Xerosploit is a penetration testing toolkit whose goal is to perform man in the middle attacks for testing purposes. It brings various modules that allow to realise efficient attacks, and also allows to carry out denial of service attacks and port scanning. There are many open source tools available online for this attack like Ettercap , MITMF , Xerosploit, e.t.c
Xerosploit is default installed in Kali Linux 2017.2 or 2017.3 ,if not installed you can installed from github.
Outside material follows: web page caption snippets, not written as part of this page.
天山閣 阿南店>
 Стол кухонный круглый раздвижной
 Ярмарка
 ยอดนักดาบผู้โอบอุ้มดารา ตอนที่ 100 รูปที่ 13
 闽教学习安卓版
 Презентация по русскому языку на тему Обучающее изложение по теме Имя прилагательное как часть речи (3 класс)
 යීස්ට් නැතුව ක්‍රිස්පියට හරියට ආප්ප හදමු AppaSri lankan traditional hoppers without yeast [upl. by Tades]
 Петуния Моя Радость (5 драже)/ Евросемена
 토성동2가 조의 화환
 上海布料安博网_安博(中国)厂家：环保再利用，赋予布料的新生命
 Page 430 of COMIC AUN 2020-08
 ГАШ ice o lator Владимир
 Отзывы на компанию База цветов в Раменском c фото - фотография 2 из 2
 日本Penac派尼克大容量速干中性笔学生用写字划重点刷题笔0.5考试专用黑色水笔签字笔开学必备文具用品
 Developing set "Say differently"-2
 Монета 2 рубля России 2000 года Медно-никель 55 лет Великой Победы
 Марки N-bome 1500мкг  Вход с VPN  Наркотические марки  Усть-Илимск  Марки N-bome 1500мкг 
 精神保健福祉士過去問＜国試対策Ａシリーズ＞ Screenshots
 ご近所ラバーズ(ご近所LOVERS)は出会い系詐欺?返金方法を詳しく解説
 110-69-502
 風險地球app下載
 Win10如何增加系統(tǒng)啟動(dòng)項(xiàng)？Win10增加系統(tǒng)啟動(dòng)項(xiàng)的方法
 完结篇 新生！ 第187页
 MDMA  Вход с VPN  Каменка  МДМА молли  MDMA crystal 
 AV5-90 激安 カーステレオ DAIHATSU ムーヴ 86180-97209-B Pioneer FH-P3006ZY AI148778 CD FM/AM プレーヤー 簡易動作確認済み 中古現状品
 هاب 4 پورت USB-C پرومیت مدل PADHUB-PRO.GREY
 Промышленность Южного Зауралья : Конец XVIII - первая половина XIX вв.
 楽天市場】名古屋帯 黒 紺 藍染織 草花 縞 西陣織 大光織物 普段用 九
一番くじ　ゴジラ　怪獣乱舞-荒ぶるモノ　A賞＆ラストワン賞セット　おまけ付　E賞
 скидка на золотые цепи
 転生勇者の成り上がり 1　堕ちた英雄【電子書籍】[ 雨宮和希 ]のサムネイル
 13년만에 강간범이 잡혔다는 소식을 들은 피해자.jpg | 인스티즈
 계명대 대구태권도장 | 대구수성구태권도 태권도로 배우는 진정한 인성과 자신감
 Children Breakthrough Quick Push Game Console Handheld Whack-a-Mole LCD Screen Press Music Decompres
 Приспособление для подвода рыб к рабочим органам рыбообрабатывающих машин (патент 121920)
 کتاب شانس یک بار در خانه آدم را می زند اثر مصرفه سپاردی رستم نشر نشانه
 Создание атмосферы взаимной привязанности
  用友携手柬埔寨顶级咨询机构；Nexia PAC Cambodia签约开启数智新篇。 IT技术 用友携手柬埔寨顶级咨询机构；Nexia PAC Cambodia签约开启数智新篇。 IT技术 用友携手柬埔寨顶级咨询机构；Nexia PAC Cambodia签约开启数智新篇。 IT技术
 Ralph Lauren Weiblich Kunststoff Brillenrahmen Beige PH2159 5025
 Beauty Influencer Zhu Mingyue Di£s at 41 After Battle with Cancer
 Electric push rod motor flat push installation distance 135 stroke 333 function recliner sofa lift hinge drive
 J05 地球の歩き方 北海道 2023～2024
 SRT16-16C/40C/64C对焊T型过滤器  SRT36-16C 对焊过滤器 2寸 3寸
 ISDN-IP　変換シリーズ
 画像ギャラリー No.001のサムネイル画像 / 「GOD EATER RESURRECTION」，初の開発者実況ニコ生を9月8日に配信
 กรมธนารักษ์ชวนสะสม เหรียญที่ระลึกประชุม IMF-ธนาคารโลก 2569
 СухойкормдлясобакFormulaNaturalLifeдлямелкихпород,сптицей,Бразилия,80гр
This article is on Xerosploit which provides advanced MITM attack on your local network to sniff packets , steal password e.t.c
Dependencies :-
- nmap
- hping3
- build-essential
- ruby-dev
- libpcap-dev
- libgmp3-dev
- tabulate
- terminaltables
Features :-
- Dos attack
- Html code injection
- Javascript code injection
- Download intercaption and replacement
- Sniffing
- Dns spoofing
- Background audio reproduction
- Images replacement
- Drifnet
- Webpage defacement and more.
Step 1 : Open Terminal and Type xerosploit
Step 2 : There are various modules are available which you can see by just typing again "help"command.
- pscan – Port Scanner
- dos – Dos Attack
- ping – Ping Request
- injecthtml – Inject HTML code
- injectjs – Inject Javascript code
- rdownload – Replace files being downloaded
- sniff – Capturing information inside network packets
- dspoof – Redirect all the http traffic to the specified one IP
- yplay – Play background sound in target browser
- replace – Replace all web pages images with your own one
- driftnet – View all images requested by your targets
- move – Shaking Web Browser Content
- deface – Overwrite all web pages with your HTML code
These are the available attacks you can perform.
Step 3 : And then type scan and press enter so that you can see all the IP addresses in your network.
Step 4 : Choose you target and type its IP, so that now it has been targeted.
You may also like :-
Step 5 : Then again type help to see all the command your can now use.